L’organisation Media Rights Agenda (MRA) a appelé les gouvernements fédéraux du Nigéria à prendre des mesures pour remédier aux nombreux obstacles qui entravent l’accès des femmes à l’information dans l’écosystème informationnel du pays.
Media Rights Agenda (MRA) a réagi lors de cette Journée internationale des femmes, estimant qu’aucune avancée significative ne peut être accomplie pour les femmes nigérianes tant que les portes de l’information publique leur restent fermées par le secret bureaucratique et autres barrières structurelles.
Dans un communiqué publié à Lagos à l’occasion de la Journée internationale des femmes (JIF), Mme Ayomide Eweje, chargée de programme à la MRA, a soutenu que « l’accès à l’information n’est pas seulement un droit juridique, mais constitue un outil essentiel de survie, d’autonomisation et d’égalité pour les femmes, en leur permettant de prendre des décisions éclairées, d’exercer et de revendiquer leurs droits, et de participer pleinement à la vie sociale, économique et politique. »
Elle a expliqué que l’accès à l’information est un facteur déterminant de l’amélioration du statut socio-économique des femmes, leur permettant de contribuer efficacement à l’économie.
« L’accès au numérique et à l’information permet également aux femmes de tirer parti d’outils favorisant l’entrepreneuriat, la croissance financière et le réseautage (…)
L’information est indispensable pour que les femmes puissent accéder au crédit pour leurs petites entreprises et gérer leurs ressources économiques, tandis que les réseaux d’information peuvent combler le fossé pour les femmes rurales, souvent exclues des opportunités économiques en raison du manque d’infrastructures, d’accès aux connaissances et d’autres obstacles », a-t-elle précisé.
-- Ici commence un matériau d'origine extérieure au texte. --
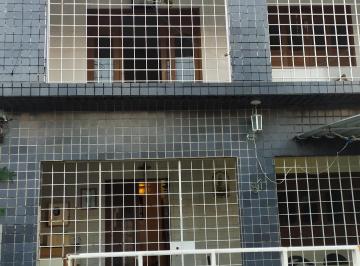 Casa de 3 quartos, Recife · Vende-se excelente casa nascente, no bairro de Campo Grande.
Sur le plan de la santé, Mme Eweje a fait valoir que l’information est indispensable pour que les femmes puissent prendre des décisions éclairées concernant leur corps et leur santé. L’accès à des services de santé reproductive complets, qui va de pair avec l’accès à l’information et aux connaissances, permet aux femmes de garantir des accouchements sûrs et de réduire la mortalité maternelle, tandis que la sensibilisation aux méthodes modernes de planification familiale contribue à prévenir les avortements non sécurisés et les infections sexuellement transmissibles.
Elle a également souligné que sans accès à l’information, les femmes ne peuvent pas participer pleinement aux processus démocratiques du pays. Cet accès leur permet de prendre part aux débats sur les questions socio-économiques, d’exiger des comptes sur la fourniture de services publics tels que les soins de santé, de faire des choix éclairés lors des élections et de s’impliquer dans toutes les autres dimensions de la gouvernance.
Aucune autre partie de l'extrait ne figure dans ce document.